- **To do**
Transcribe the whole listing exactly; the images stay out.

- **Dataset excerpt**
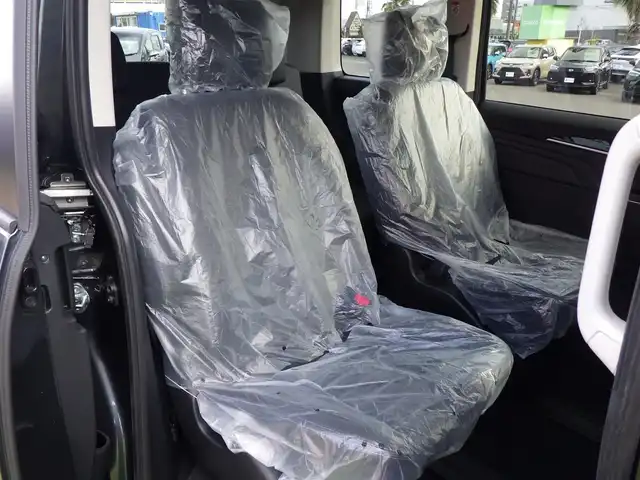 三菱 デリカＤ：５ シャモニー 千葉県 2025(令7)年 0.1千km グラファイトグレーメタリック/ブラックマイカ CHAMONIX (7人)　4WD　e-Assist/オリジナルナビ取付パッケージ＋リアモニター取付パッケージ(25/300)　ステップレス　（7人）D:5専用11型ナビゲーション(322/300)　12.8型後席用モニター(143550円)/e-Assist/・衝突被害軽減ブレーキシステム（FCM）/・車線逸脱警報システム（LDW）/・レーダークルーズコントロールシステム（ACC）/・誤発進抑制機能（前進＆後退時）（UMS）/・オートマチックハイビーム[AHB]/エレクトリックテールゲート/両側パワースライドドア/純正メモリーナビ/地デジTV/【DVD/CD再生機能　Bluetooth接続】/【Apple CarPlay　Android Auto対応】/マルチアラウンドモニター/フリップダウンモニター/革巻きステアリング/ステアリングヒーター/ステアリングスイッチ/LEDヘッドライト/フォグライト/ウインカーミラー/純正18インチアルミホイル/サイド/カーテンエアバッグ/キーレスオペレーションシステム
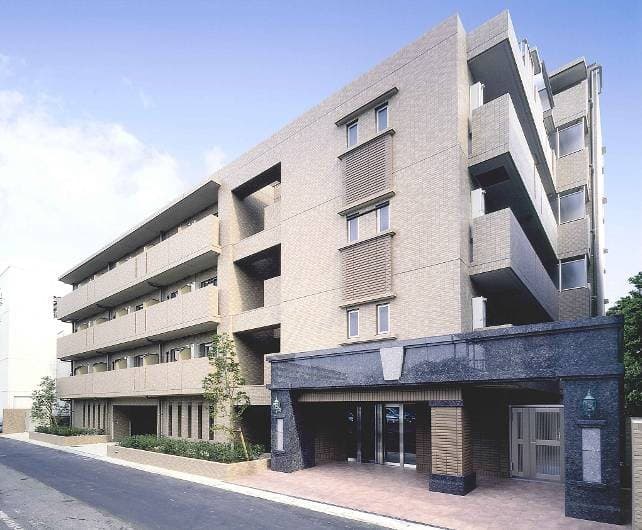 Main exterior of Residia Gyotoku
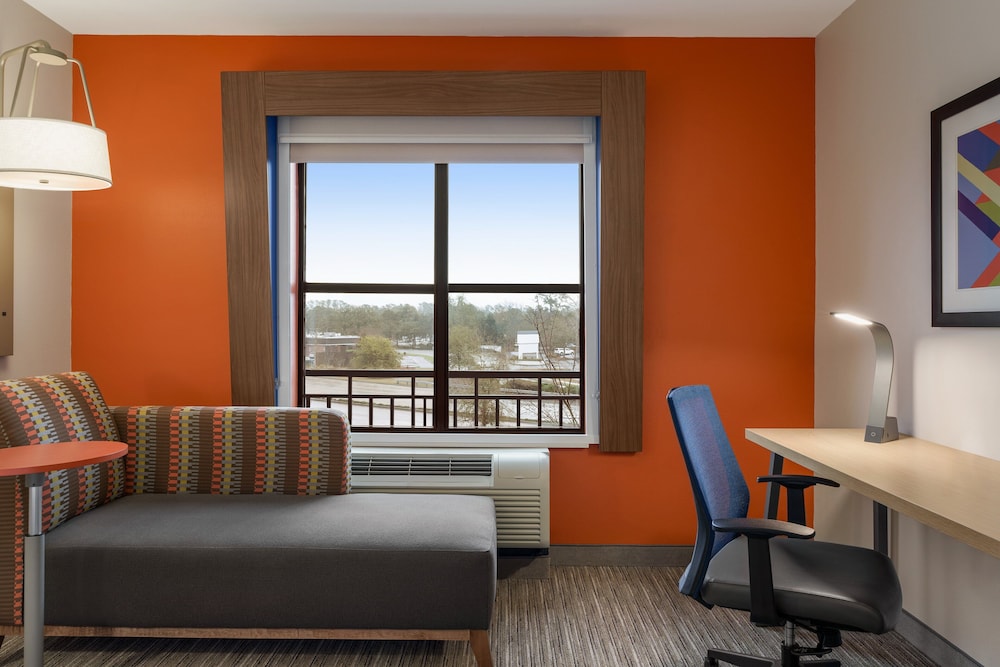 Holiday Inn Express & Suites Mt. Pleasant by IHG - photo 12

- **Task output**
 三菱 デリカＤ：５ シャモニー 千葉県 2025(令7)年 0.1千km グラファイトグレーメタリック/ブラックマイカ CHAMONIX (7人)　4WD　e-Assist/オリジナルナビ取付パッケージ＋リアモニター取付パッケージ(25/300)　ステップレス　（7人）D:5専用11型ナビゲーション(322/300)　12.8型後席用モニター(143550円)/e-Assist/・衝突被害軽減ブレーキシステム（FCM）/・車線逸脱警報システム（LDW）/・レーダークルーズコントロールシステム（ACC）/・誤発進抑制機能（前進＆後退時）（UMS）/・オートマチックハイビーム[AHB]/エレクトリックテールゲート/両側パワースライドドア/純正メモリーナビ/地デジTV/【DVD/CD再生機能　Bluetooth接続】/【Apple CarPlay　Android Auto対応】/マルチアラウンドモニター/フリップダウンモニター/革巻きステアリング/ステアリングヒーター/ステアリングスイッチ/LEDヘッドライト/フォグライト/ウインカーミラー/純正18インチアルミホイル/サイド/カーテンエアバッグ/キーレスオペレーションシステム
 Main exterior of Residia Gyotoku
 Holiday Inn Express & Suites Mt. Pleasant by IHG - photo 12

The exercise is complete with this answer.